▸ **YOUR TASK**
Reproduction of part of the material below, pictures omitted: copy exactly, and only, the lines starting with the one with "112 CHUKAR CT, Lititz, PA 17543" and going on through the one with "NEW Handcrafted crocheted".

▸ **EXTRACTED INFORMATION**
============

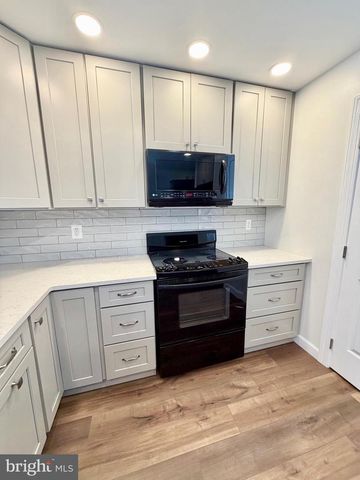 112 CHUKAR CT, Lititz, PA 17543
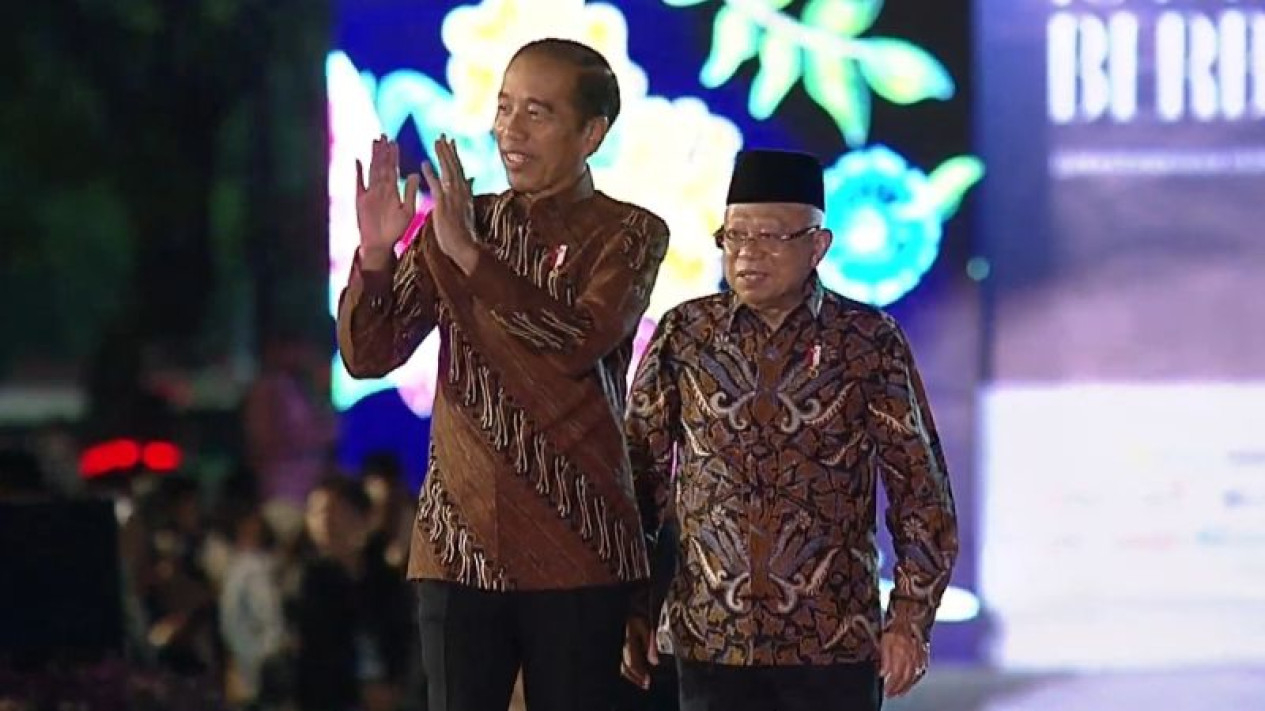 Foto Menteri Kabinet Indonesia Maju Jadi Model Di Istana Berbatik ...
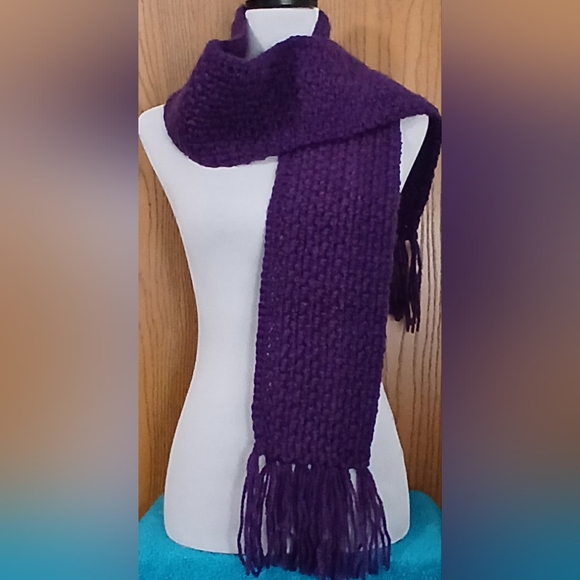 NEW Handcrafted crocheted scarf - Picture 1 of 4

============

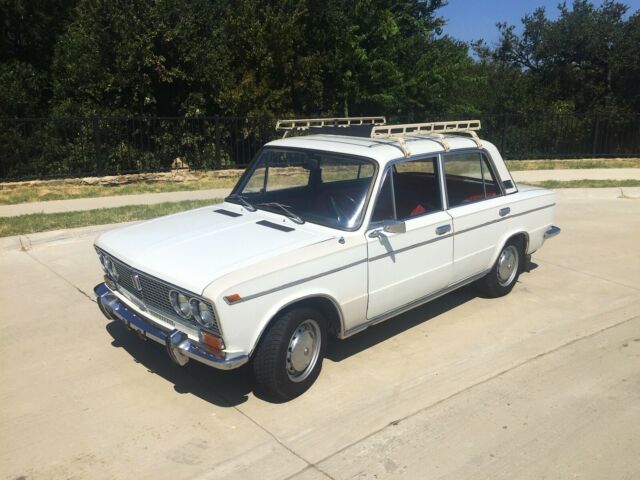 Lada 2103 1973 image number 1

============

▸ **TASK OUTPUT**
 112 CHUKAR CT, Lititz, PA 17543
 Foto Menteri Kabinet Indonesia Maju Jadi Model Di Istana Berbatik ...
 NEW Handcrafted crocheted scarf - Picture 1 of 4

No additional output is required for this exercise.